- Born: October 15, 1951 (age 73) Atlanta, Georgia
- Education: Reinhardt College
- Occupation: Journalist
- Known for: President and founder (2005), Who's Who in Asian American Communities

= Sachi Koto =

American journalist

Sachi Koto is a Japanese American journalist. She was a news anchor on CNN News for 16 years, until leaving in 2005 to run her own communications company, Sachi Koto Communications, LLC. Koto worked at various radio and television stations in Atlanta and Tokyo for nine years before joining CNN. While she was with CNN, she reported for CNN Headline News, CNN Radio, CNN Airport Network, CNN International, CNN QuickCast and Turner South.

She graduated, summa cum laude, with a degree in communications from Reinhardt College in Waleska, Georgia, as a presidential scholar. She also has a degree in Japanese language and culture from Gendai Nihongo Gakko in Tokyo.

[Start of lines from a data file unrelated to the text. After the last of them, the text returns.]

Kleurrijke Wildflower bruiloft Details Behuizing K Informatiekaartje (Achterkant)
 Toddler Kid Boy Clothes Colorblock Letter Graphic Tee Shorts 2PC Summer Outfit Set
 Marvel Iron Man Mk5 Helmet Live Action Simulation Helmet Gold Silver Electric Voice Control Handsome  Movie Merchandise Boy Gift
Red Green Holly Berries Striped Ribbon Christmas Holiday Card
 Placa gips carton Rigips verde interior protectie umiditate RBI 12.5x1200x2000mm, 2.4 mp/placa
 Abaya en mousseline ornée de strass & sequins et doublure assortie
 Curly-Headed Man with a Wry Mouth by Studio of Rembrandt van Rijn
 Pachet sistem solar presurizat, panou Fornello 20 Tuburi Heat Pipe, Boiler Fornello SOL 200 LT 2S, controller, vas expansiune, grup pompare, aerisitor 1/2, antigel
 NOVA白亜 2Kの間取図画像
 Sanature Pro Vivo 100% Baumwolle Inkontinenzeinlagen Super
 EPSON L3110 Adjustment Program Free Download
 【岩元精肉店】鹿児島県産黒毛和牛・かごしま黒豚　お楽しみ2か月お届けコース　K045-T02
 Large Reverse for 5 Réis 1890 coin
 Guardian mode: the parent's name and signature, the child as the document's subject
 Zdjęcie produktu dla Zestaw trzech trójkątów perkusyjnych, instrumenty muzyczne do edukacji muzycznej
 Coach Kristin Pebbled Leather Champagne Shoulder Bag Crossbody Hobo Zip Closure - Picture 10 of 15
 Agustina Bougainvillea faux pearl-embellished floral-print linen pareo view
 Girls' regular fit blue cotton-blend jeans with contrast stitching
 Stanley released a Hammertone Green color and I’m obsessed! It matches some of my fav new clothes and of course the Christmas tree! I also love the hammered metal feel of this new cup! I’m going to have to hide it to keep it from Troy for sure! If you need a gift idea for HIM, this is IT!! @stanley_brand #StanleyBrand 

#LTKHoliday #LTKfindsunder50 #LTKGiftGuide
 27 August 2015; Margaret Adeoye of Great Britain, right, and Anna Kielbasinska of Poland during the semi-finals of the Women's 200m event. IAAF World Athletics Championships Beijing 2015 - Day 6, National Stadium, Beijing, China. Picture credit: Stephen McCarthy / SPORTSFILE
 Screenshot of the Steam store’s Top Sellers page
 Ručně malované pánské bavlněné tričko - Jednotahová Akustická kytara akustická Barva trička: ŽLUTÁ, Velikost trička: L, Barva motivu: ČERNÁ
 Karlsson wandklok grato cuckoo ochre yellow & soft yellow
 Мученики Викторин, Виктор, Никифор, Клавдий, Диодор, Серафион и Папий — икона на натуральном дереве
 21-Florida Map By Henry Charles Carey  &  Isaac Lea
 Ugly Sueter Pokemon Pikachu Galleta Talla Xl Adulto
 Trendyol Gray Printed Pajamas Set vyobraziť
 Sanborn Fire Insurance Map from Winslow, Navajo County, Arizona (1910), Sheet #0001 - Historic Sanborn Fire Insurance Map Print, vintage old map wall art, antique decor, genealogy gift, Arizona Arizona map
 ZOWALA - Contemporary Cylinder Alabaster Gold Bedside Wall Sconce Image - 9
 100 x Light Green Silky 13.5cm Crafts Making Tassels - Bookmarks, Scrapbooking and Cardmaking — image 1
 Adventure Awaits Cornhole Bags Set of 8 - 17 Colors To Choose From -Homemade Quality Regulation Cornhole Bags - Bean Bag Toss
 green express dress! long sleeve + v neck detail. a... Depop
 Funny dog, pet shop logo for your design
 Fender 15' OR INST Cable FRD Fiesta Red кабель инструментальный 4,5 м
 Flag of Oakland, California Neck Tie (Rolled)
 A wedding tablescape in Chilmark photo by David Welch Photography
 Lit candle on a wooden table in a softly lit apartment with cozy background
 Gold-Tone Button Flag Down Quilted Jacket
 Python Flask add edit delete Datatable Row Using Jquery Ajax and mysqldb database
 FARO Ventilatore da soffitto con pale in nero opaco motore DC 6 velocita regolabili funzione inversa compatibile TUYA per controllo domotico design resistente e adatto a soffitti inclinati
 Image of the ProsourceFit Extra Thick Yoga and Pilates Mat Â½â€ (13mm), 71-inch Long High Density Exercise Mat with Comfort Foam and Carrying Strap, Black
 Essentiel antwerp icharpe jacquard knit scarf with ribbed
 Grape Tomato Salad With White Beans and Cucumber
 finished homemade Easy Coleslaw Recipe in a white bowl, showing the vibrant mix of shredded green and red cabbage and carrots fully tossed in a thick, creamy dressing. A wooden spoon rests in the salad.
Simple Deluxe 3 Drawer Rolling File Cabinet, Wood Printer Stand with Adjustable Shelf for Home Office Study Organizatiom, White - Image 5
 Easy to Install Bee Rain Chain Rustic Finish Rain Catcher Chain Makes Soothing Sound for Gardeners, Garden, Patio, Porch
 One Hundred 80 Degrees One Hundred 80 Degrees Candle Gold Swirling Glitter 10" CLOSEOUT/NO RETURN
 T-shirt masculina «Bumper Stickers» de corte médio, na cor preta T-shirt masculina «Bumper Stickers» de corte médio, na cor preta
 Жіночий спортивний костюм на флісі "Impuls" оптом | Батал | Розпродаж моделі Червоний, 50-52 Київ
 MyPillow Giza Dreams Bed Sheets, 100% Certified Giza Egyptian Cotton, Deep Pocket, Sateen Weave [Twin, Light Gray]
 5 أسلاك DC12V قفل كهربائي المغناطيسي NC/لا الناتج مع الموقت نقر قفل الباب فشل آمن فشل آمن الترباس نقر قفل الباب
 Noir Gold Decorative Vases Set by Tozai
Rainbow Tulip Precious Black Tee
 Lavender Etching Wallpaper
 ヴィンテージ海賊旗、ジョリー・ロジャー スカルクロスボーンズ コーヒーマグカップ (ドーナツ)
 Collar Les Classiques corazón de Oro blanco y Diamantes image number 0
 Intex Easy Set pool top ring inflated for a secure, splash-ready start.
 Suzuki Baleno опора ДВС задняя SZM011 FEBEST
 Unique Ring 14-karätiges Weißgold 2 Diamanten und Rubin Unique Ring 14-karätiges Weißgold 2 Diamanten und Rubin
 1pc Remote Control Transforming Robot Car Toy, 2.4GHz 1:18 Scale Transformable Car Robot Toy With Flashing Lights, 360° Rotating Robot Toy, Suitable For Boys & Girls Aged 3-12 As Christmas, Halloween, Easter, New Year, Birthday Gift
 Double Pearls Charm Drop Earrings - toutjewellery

Koto was appointed as commissioner to the Asian-American Commission for a new Georgia by Governor Sonny Perdue and is a founder of Who's Who in Asian American Communities.

In 2021, Koto received the Order of the Rising Sun, Gold Rays with Rosette in recognition of her "outstanding contribution to promoting exchange and mutual understanding between Japan and the United States".